We make no accusation of impropriety. We don't need to. We only state what occurred. Even if there had been wrongdoing, it would have long since been forgiven by the relevant statutes of limitation. It is the future that is important, not the past.
It's hard not to speculate about the potential conflict of interest inherent in this situation. Was it OK for the Managing Director of a commercial enterprise such as Dehn and Sohne, to be inventing devices by day while, by night, assuming such grand influence over international standards committees that they would specify mandatory use of those devices?
CIGRE's US National Committee employs an Ethics Program with a no-nonsense approach to such behavior: "The US National Committee's policy requires that all members avoid actual or apparent conflicts of interest. An actual conflict is a personal interest that is likely to cause an independent observer to conclude that an individual conducting US National Committee business cannot make an unbiased decision, give...unbiased advice, exercise independent judgment, or be objective with respect to...technical results. An apparent conflict of interest occurs when personal interests are likely to cause an independent observer to question whether an individual conducting business on the US National Committee's behalf can do so fairly."

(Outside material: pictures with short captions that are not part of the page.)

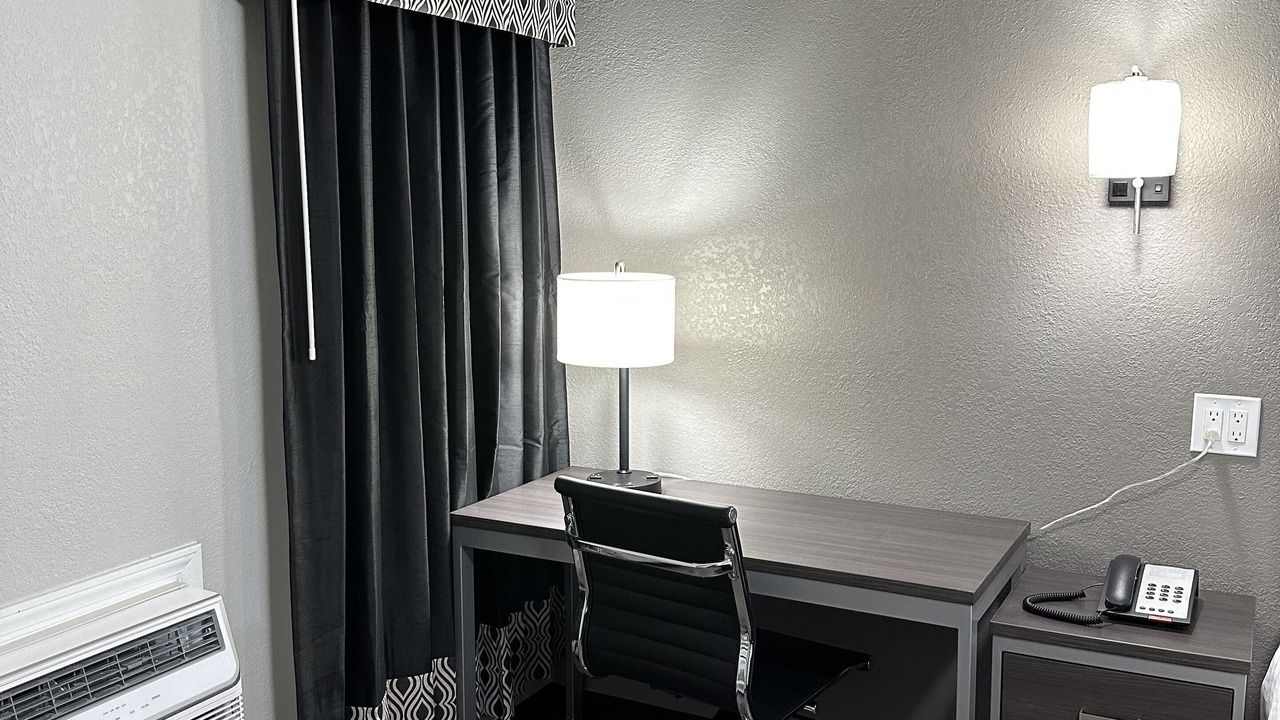 Photo of Bedroom in Wagoner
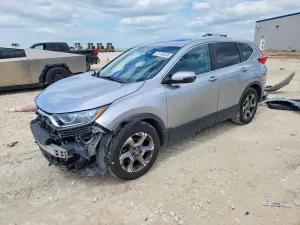 Honda CR-V 1.5L 4 2017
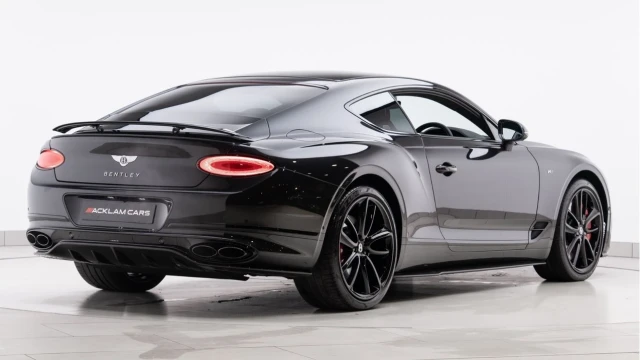 Bentley Continental GT (72 Reg) 4.0 V8 (Mulliner) Image 7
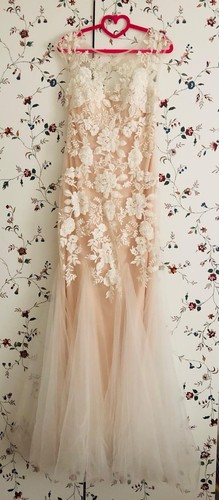 Hochzeitskleid abendkleid - hochzeitskleid,
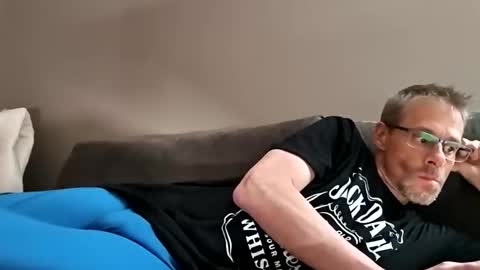 stickymouse45 online show from 8, 11, 2025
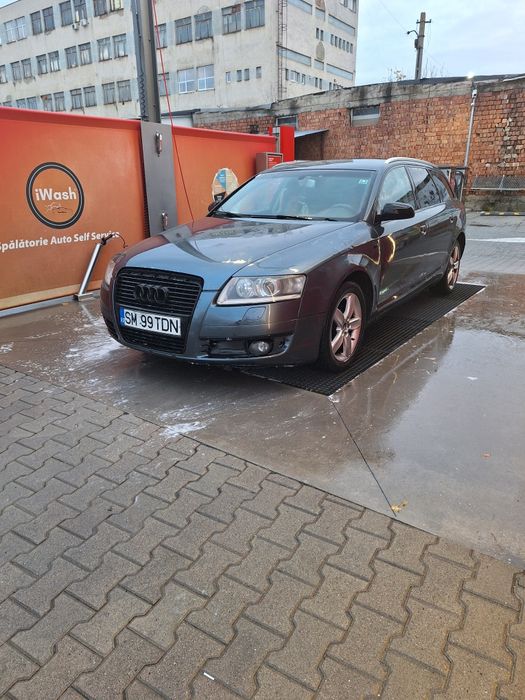 AUDI A6 Avant 2006 — imagine 2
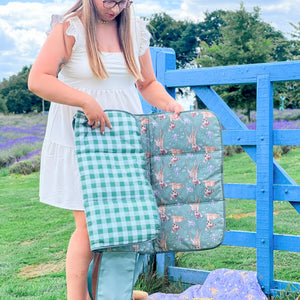 Disney© Travel Mat - Bambi + Thumper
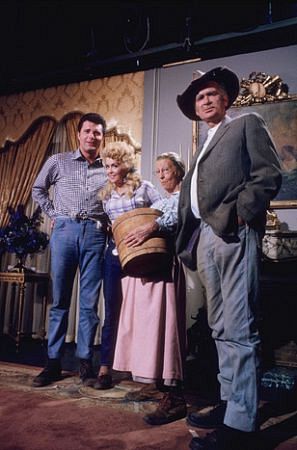 Max Baer Jr.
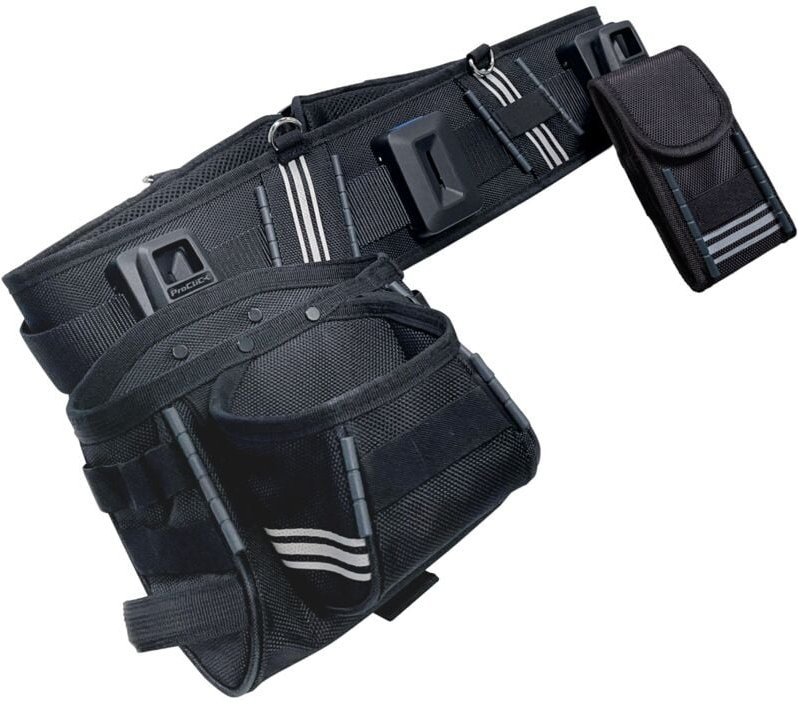 L-boxx ProClick Set 9 - 1x ProCLick Tool Belt m ( 6100000958 ) + 1x Smartpouch s ( 6100000964 + 1 Toolpouch l ( 61000009...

While recognizing that standards committees must often rely on the support of commercial enterprises to get their work done, it would seem that some kind of oversight or watchdog function was loudly missing in this case.
If you've ever read an IEC standard you'll immediately see a practice which can all but guarantee to promote lack of responsibility and lack of accountability on the part of standards writers. We refer to the fact that IEC standards never show who authored them.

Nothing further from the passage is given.